Monday, July 13, 2009

Perspective


I have been reading passages about Jesus calming the storm while he was in the boat with the disciples and his parables about the kingdom of God. Jesus' way of doing things and his view of events and spiritual matters was radically different. The disciples were bewildered, perplexed, confused, awed, even frightened, as they listened to Him and watched Him do His work. His perspective was strange to them. Often, they had to ask Him what it all meant. But His perspective was true. He always spoke the truth, lived the truth, and modeled the truth.

I find it fascinating that the disciples, who clearly admired and loved him, who had given up all to follow him and learn from him, couldn't understand him. Most of all, it was his perspective on things that baffled them. They had never considered looking at life that way.

We have the advantage of reading the stories about Jesus hundreds of years later. Theologians and pastors help us interpret what they mean. The events of his life seem inevitable and understandable to us. We think, Of course Jesus was going to help that man. That's because He's Jesus! How blind could those people be? Don't they get it? We shake our head at the stubborness of those who resisted Him and argued with Him.

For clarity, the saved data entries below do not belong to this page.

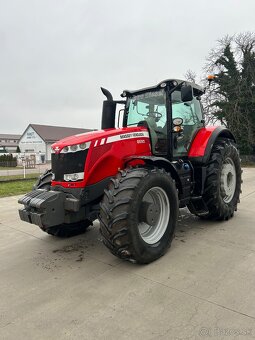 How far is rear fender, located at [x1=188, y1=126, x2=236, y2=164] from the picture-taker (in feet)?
14.6

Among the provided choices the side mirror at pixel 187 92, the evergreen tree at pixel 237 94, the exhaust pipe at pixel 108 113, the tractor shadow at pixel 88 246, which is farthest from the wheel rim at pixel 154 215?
the evergreen tree at pixel 237 94

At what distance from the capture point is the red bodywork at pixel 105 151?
127 inches

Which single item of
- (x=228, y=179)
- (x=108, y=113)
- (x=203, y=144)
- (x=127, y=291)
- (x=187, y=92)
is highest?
(x=187, y=92)

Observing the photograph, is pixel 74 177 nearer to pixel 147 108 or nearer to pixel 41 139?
pixel 147 108

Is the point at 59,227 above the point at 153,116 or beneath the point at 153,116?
beneath

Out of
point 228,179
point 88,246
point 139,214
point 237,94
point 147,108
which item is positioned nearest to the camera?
point 139,214

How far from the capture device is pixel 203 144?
457 cm

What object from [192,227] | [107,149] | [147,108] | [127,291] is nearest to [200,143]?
[147,108]

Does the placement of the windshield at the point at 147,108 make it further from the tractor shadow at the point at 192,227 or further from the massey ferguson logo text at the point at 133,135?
the tractor shadow at the point at 192,227

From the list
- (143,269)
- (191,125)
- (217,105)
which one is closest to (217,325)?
(143,269)

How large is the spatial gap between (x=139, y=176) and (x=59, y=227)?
1668 mm

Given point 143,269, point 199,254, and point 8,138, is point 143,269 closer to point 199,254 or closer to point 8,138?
point 199,254

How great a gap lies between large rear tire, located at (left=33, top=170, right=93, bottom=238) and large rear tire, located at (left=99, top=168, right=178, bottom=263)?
1.17 m

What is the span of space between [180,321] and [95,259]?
58.1 inches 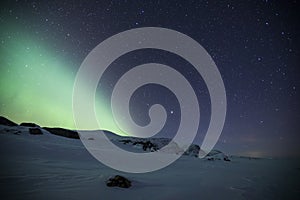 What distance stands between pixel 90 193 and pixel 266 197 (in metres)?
6.50

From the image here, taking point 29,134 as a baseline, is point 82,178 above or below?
below

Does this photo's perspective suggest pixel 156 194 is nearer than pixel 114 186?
Yes

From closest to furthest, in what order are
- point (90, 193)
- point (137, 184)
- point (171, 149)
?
point (90, 193) < point (137, 184) < point (171, 149)

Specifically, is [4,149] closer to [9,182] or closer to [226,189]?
[9,182]

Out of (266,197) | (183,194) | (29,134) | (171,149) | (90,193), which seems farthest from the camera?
(171,149)

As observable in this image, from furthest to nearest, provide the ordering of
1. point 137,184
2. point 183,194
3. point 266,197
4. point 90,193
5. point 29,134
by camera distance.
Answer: point 29,134 → point 137,184 → point 266,197 → point 183,194 → point 90,193

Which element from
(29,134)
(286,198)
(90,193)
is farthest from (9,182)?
(29,134)

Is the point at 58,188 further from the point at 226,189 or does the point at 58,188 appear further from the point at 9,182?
the point at 226,189

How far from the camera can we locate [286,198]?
6980mm

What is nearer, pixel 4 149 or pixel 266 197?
pixel 266 197

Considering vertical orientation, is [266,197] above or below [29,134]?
below

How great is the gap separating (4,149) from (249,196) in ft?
49.4

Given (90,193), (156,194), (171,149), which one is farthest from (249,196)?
(171,149)

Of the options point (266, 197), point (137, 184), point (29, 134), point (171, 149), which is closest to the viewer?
point (266, 197) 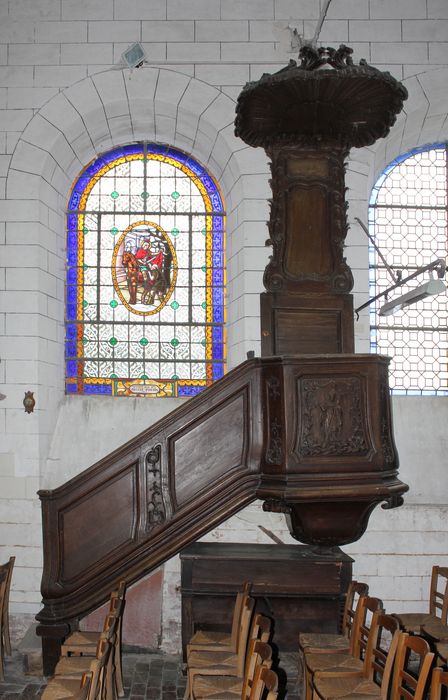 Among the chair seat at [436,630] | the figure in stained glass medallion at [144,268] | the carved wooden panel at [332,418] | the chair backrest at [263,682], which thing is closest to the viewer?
the chair backrest at [263,682]

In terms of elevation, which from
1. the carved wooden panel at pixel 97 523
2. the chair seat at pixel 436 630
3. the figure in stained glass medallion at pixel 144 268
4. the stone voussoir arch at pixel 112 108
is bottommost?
the chair seat at pixel 436 630

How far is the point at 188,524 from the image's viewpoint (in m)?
5.18

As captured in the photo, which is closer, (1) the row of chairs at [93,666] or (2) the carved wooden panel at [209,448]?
(1) the row of chairs at [93,666]

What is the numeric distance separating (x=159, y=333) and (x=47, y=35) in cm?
299

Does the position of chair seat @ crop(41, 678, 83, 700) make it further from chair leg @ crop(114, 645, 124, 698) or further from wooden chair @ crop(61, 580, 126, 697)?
chair leg @ crop(114, 645, 124, 698)

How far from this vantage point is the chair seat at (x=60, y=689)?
404cm

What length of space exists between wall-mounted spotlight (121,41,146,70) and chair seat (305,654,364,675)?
528 cm

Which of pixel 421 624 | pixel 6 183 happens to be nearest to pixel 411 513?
pixel 421 624

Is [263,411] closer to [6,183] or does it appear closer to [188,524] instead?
[188,524]

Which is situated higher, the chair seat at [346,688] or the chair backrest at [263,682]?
the chair backrest at [263,682]

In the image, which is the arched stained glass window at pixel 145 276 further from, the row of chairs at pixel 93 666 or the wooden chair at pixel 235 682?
the wooden chair at pixel 235 682

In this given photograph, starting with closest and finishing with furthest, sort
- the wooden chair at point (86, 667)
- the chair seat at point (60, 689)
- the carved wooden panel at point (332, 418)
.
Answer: the chair seat at point (60, 689) < the wooden chair at point (86, 667) < the carved wooden panel at point (332, 418)

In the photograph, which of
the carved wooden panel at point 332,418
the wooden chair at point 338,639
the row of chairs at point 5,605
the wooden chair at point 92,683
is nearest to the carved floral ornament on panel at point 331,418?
the carved wooden panel at point 332,418

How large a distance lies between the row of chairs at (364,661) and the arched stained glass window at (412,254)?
2.72m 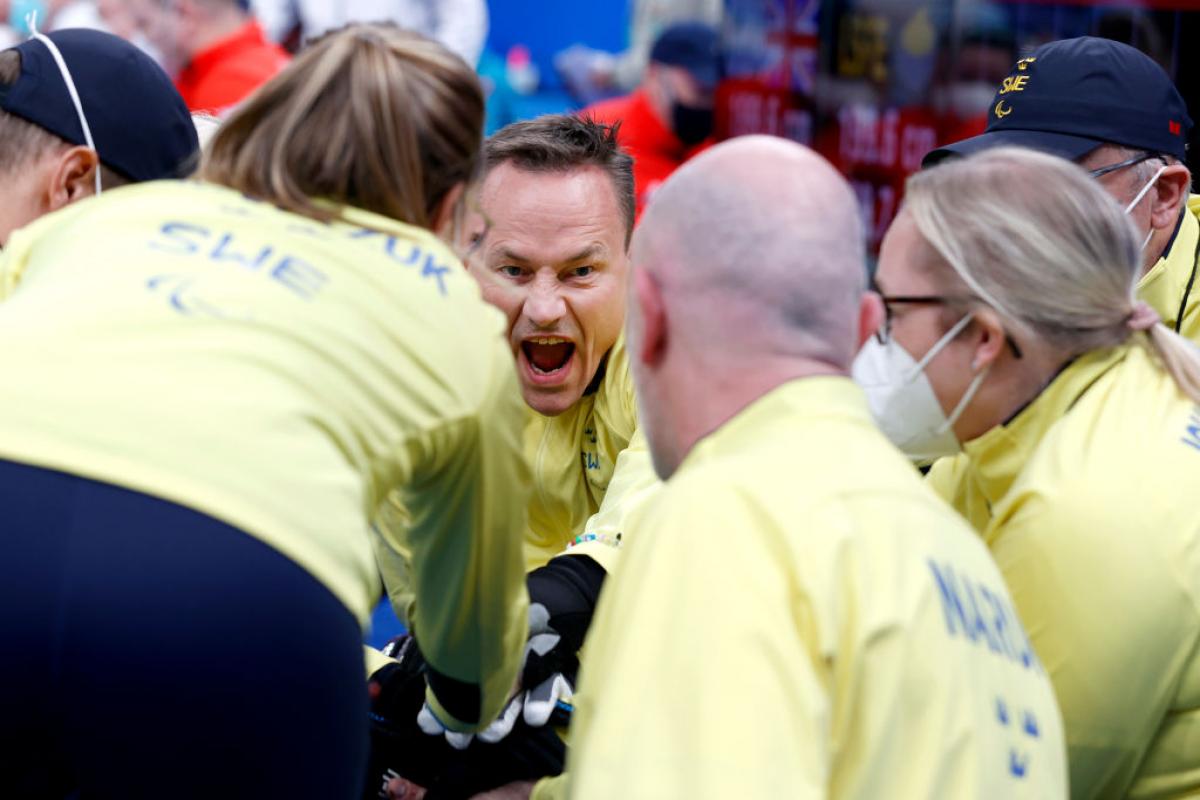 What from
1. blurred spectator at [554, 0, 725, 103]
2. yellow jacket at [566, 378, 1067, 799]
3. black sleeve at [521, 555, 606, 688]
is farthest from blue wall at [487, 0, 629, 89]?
yellow jacket at [566, 378, 1067, 799]

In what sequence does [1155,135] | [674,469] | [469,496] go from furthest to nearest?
[1155,135]
[469,496]
[674,469]

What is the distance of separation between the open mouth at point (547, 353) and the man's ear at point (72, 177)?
3.56 feet

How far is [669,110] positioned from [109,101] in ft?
16.0

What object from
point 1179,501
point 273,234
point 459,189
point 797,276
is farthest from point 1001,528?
point 273,234

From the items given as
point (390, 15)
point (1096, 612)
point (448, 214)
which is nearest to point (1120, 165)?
point (1096, 612)

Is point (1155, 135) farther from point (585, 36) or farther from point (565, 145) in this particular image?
point (585, 36)

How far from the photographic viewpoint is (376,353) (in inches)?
73.4

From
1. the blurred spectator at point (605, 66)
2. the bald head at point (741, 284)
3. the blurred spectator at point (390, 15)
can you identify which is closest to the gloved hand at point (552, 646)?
the bald head at point (741, 284)

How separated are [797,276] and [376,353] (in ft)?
1.76

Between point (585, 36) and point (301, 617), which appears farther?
point (585, 36)

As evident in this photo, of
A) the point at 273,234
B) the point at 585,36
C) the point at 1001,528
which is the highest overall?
the point at 273,234

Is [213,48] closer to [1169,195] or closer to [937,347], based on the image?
[1169,195]

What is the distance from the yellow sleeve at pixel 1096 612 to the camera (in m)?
2.09

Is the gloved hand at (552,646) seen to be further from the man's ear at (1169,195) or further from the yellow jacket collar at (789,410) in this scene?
the man's ear at (1169,195) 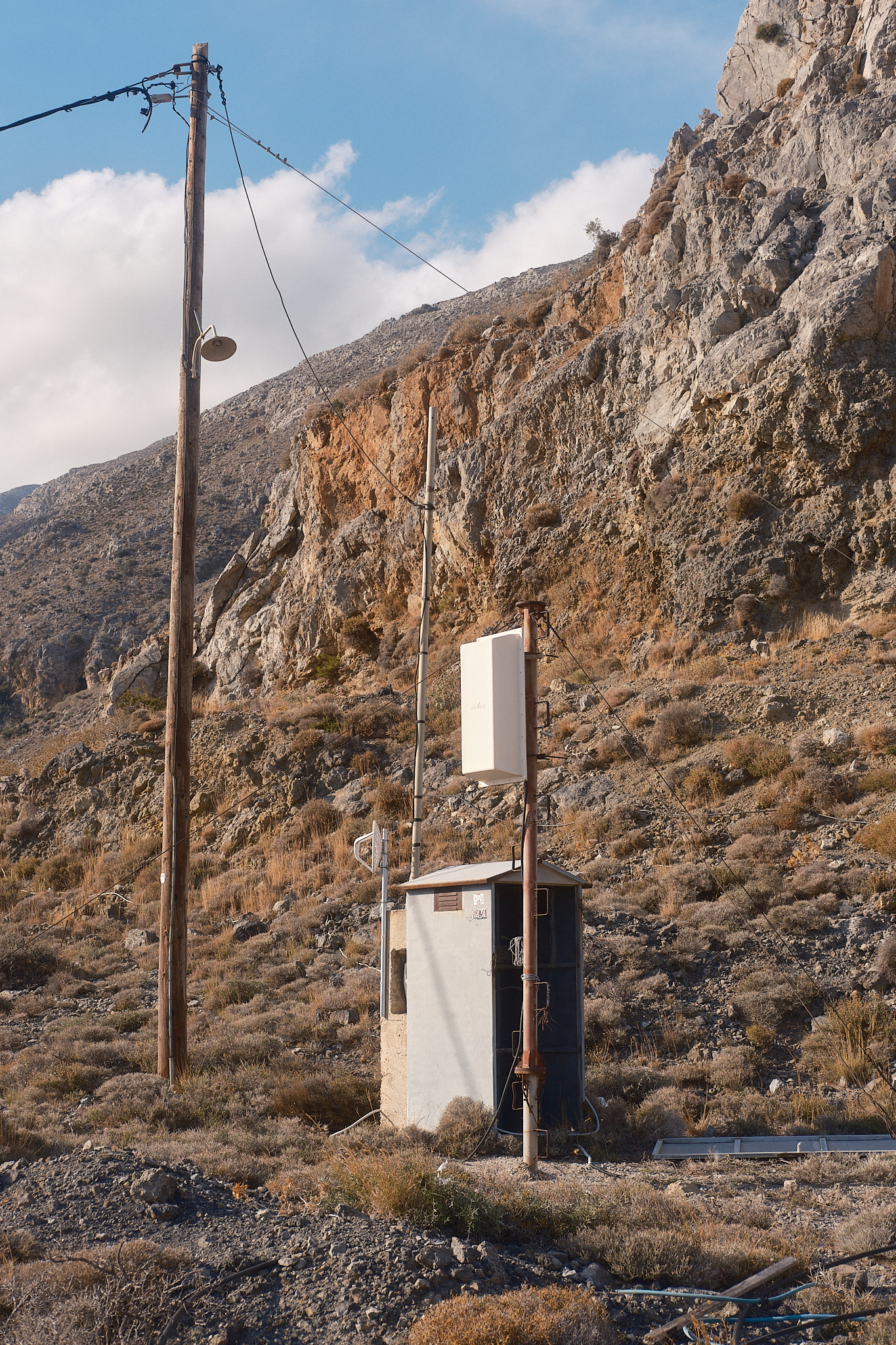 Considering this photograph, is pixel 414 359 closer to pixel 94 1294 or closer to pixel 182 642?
pixel 182 642

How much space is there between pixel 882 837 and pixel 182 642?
11.0 m

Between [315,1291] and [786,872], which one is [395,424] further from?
[315,1291]

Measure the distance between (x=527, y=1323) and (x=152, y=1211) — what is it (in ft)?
10.7

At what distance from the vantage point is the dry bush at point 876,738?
1731 cm

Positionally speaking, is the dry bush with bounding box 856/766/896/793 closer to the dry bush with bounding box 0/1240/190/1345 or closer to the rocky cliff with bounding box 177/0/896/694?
the rocky cliff with bounding box 177/0/896/694

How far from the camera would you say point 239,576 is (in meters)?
38.9

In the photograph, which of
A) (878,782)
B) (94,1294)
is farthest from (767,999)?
(94,1294)

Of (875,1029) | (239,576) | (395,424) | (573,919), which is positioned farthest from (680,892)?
(239,576)

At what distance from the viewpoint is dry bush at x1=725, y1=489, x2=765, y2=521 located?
24.2 metres

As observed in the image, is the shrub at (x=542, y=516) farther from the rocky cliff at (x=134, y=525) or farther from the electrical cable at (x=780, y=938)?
the rocky cliff at (x=134, y=525)

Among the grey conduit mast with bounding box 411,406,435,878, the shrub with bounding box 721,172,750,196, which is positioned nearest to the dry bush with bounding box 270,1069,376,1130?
the grey conduit mast with bounding box 411,406,435,878

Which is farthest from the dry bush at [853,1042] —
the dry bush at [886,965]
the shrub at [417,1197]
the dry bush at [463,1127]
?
the shrub at [417,1197]

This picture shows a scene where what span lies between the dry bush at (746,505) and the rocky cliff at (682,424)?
0.05 metres

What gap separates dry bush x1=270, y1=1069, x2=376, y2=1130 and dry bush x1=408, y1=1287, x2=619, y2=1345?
6.12 metres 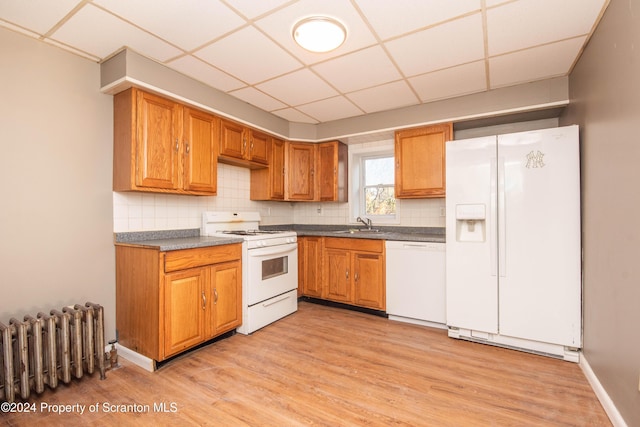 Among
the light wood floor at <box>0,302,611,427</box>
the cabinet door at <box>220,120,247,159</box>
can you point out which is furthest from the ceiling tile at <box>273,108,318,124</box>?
the light wood floor at <box>0,302,611,427</box>

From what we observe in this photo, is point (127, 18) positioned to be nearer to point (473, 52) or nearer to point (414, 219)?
point (473, 52)

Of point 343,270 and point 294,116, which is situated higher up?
point 294,116

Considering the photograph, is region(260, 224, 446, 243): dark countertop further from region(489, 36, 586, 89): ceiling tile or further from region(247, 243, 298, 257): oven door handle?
region(489, 36, 586, 89): ceiling tile

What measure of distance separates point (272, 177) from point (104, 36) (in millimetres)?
2055

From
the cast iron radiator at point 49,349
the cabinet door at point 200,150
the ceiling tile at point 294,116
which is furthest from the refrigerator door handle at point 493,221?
the cast iron radiator at point 49,349

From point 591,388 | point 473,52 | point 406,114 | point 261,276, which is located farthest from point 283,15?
point 591,388

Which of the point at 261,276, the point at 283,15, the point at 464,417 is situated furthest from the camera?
the point at 261,276

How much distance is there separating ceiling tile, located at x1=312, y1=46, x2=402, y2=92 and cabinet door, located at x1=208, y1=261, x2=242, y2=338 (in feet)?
6.18

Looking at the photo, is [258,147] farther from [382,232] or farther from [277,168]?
[382,232]

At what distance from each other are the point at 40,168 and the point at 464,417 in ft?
10.2

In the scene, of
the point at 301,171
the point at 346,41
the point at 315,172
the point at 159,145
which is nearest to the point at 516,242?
the point at 346,41

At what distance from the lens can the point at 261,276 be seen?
9.79 ft

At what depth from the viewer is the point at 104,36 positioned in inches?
79.0

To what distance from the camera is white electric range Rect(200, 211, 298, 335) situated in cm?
286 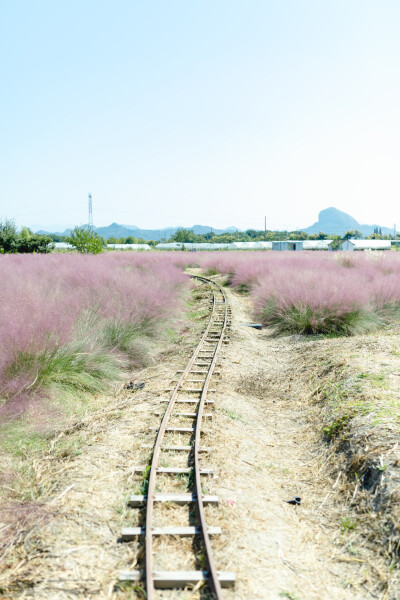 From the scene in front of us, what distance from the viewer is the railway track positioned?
3.17m

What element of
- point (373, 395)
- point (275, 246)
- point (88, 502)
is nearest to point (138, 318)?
point (373, 395)

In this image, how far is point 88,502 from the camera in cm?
412

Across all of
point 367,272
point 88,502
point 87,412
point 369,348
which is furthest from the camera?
point 367,272

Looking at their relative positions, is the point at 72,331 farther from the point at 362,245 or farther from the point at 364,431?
the point at 362,245

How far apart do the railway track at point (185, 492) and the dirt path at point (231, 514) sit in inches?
4.2

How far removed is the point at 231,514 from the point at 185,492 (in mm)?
525

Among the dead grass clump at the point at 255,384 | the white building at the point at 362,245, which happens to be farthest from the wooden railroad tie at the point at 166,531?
the white building at the point at 362,245

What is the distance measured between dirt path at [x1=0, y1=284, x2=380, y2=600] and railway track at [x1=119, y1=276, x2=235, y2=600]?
0.11m

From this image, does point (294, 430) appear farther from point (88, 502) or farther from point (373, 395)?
point (88, 502)

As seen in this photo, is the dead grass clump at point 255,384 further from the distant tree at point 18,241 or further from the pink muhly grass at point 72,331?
the distant tree at point 18,241

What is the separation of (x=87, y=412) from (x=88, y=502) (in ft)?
7.77

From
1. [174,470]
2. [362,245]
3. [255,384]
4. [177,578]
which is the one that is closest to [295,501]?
[174,470]

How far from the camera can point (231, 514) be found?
159 inches

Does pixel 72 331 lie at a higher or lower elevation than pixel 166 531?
higher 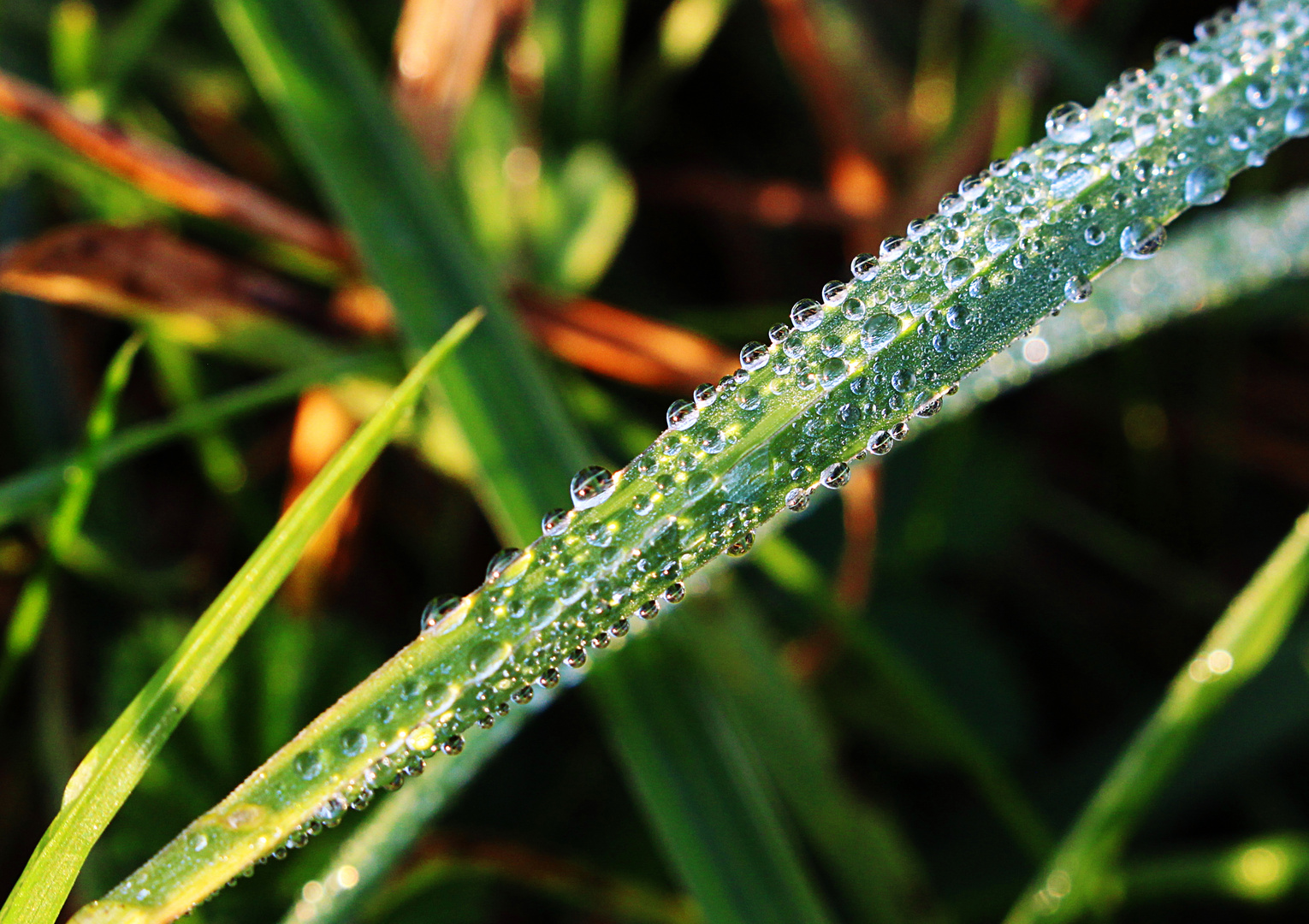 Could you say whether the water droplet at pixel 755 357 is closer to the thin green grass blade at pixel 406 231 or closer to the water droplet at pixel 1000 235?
the water droplet at pixel 1000 235

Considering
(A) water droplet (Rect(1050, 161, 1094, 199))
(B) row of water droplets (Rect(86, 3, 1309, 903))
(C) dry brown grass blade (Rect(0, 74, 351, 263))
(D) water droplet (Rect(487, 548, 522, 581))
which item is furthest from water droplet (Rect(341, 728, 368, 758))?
(C) dry brown grass blade (Rect(0, 74, 351, 263))

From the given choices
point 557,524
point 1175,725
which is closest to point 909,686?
point 1175,725

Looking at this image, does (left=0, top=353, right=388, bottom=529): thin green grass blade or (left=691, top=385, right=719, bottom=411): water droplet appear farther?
(left=0, top=353, right=388, bottom=529): thin green grass blade

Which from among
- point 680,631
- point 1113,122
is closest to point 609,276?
point 680,631

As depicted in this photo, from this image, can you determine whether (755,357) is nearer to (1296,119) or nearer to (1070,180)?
(1070,180)

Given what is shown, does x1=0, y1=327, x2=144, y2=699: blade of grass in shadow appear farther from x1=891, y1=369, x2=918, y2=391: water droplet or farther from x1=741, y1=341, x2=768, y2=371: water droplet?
x1=891, y1=369, x2=918, y2=391: water droplet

If we had been there, on the spot, it would not have seemed so clear. And we are not that different now. When God moves in certain ways in our lives, we are bewildered. I don't understand what you are doing here, God. Why did you let that happen? We are perplexed about what we should do, what choice we should make. We pray for guidance. We pray for peace about our situation. We are much like the disciples in the boat when storms arrive. Lord, don't you see what's happening here? Save us!

Even after years of being a Christian and reading my Bible, truth can be like this for me -- as strange and perplexing, as bewildering and exhilarating and frightening as the life I lead. I am frequently trying to find the way of truth through the events of my life. It isn't easy. I usually discover that God's perspective is entirely different from mine. I am like the disciples. What do you mean, Lord? How can that be right? I don't understand.

The greatest thing that happens when I spend time alone in my private world and in conversation with the Lord is that my perspective changes. It's not the problems I solve or the peace I discover or the beauty that fills my soul, although I treasure every gift that comes to me there. It's that I am, gradually over time, learning to see what is happening around me with new eyes. This miracle of new sight, invisible to others, comes to me simply by being in the quiet and in the presence of the Lord, and having many little conversations. It's my contact with the quiet and with the One who is truth that helps me understand myself and my life. I am changed because I have spent time there, alone with Him. It will change how I view everything and how I respond to it. Because of this, I will live a life that otherwise would not have been possible.

After years of seeing this principle work itself out in my life, I know that I don't have to gain immediate answers or signs from being alone with God. Just being there, and responding to whatever I find, will accomplish what is needed. It will change me. It will give me new sight. And usually the things I carry back with me into my little life will not be the things I expected. God often surprises me. This past week, I have been spending time in this way. I am weary and unable to concentrate well. I do not say much. I do not have any impressions that help me solve my problems. It's very quiet, very still. But I am not concerned that nothing is happening. I know that something is. I just can't see it yet. I know that, as the days go by, I will regain my ability to concentrate in the quiet and I will find rich treasures in that place. For now, I am simply going there and being there.

My advice to you, as you try to spend time in solitude and quiet with the Lord, is to be patient. Over time, you will be changed, and it will be good. Do what you can now, and your soul will be enlarged to take on greater things and to experience deeper connections. For now, choose to be alone every day for a few minutes and to reflect, with Him by your side. You will be glad you did.